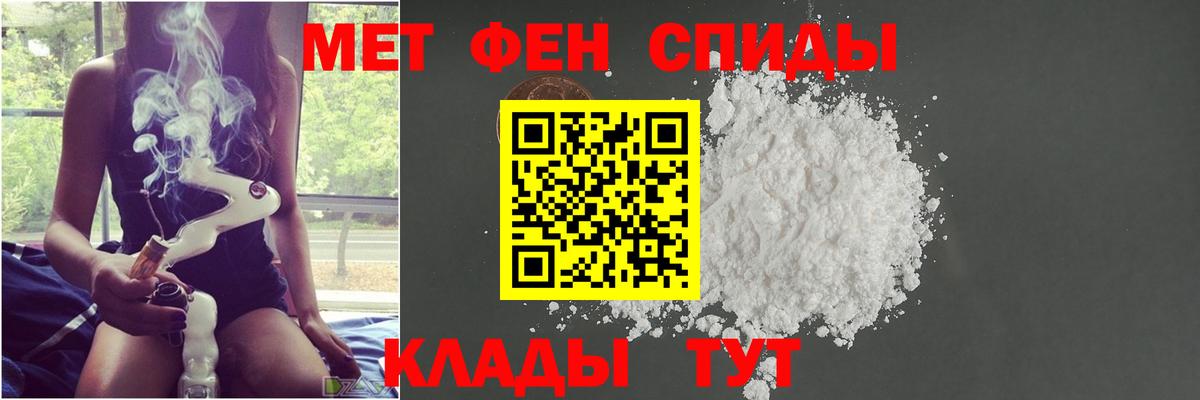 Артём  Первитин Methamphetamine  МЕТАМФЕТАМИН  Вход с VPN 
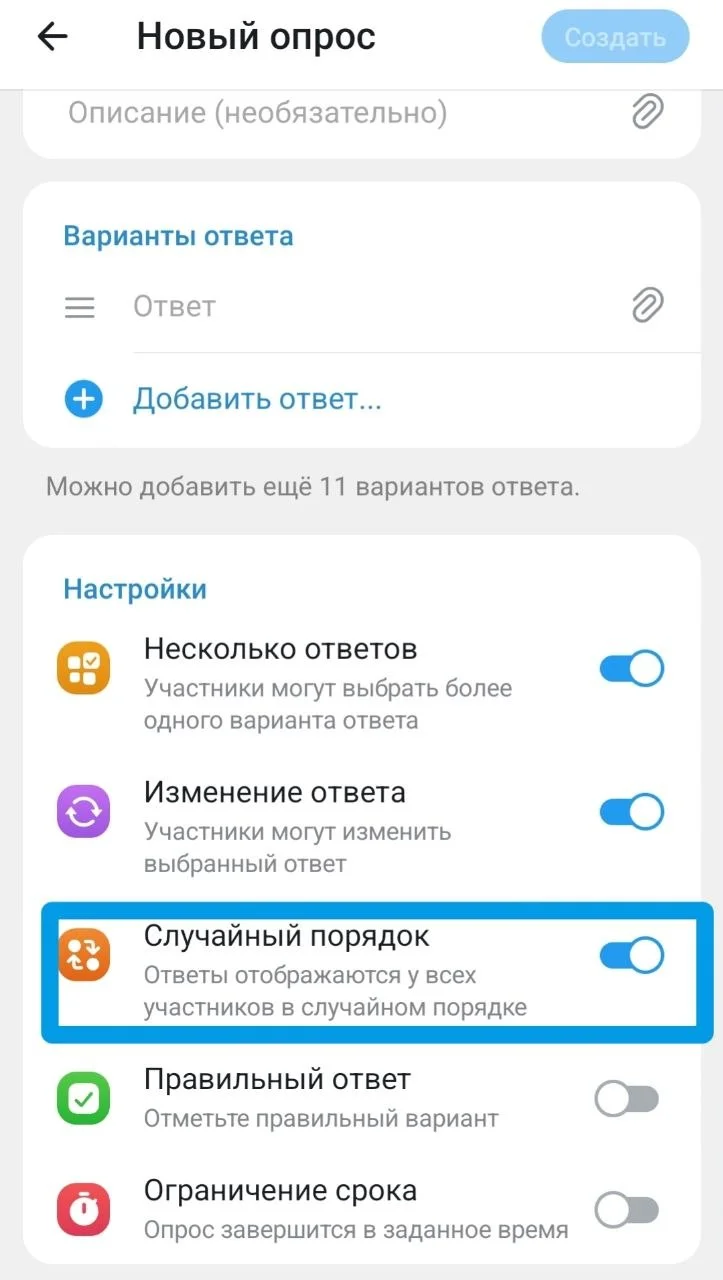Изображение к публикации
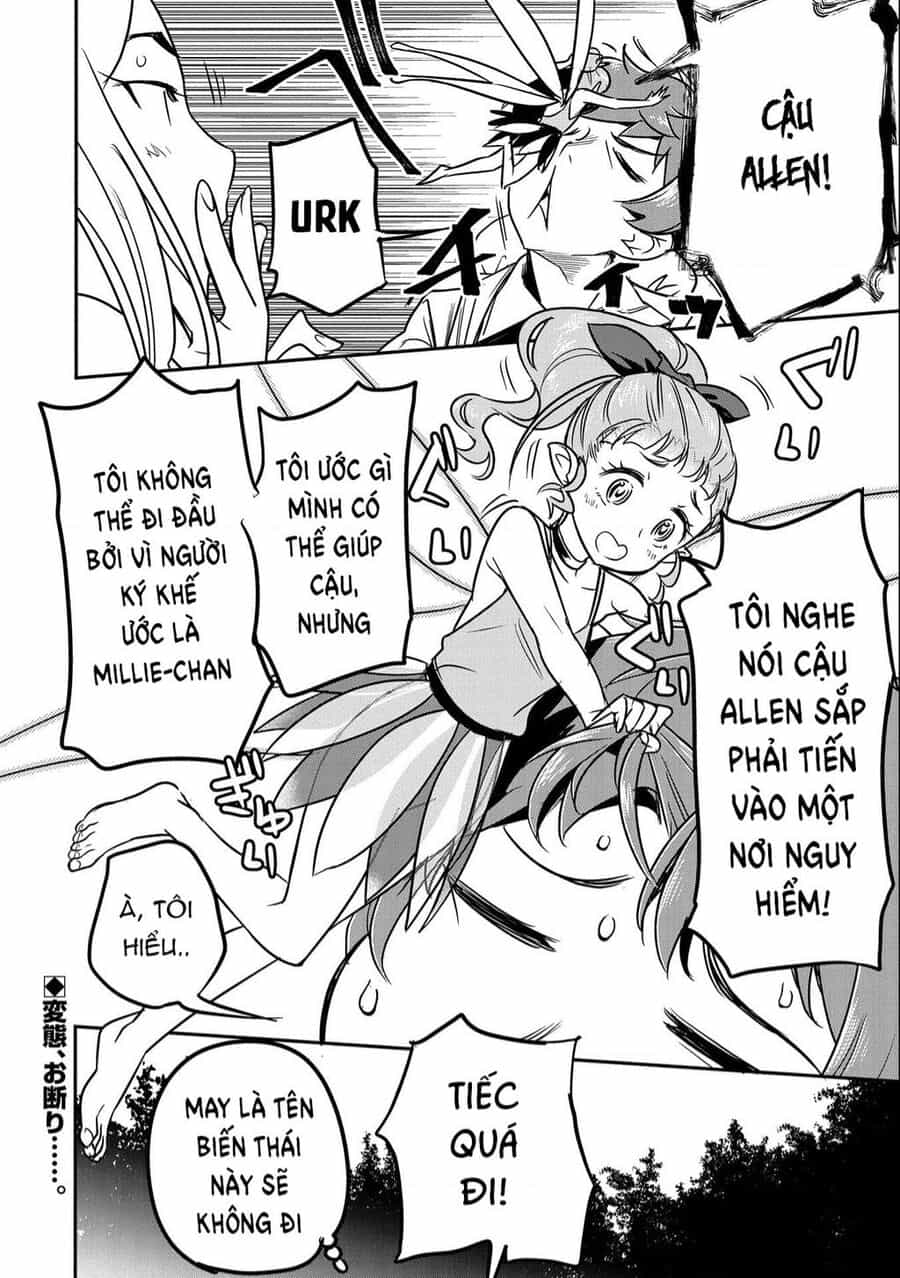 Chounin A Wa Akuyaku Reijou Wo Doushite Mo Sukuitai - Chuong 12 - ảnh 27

=== PROBLEM TO WORK ON ===
Would you transcribe the whole listing above exactly? The pictures should not be included.

=== OUTPUT OF THE EXERCISE ===
 Артём  Первитин Methamphetamine  МЕТАМФЕТАМИН  Вход с VPN 
Изображение к публикации
 Chounin A Wa Akuyaku Reijou Wo Doushite Mo Sukuitai - Chuong 12 - ảnh 27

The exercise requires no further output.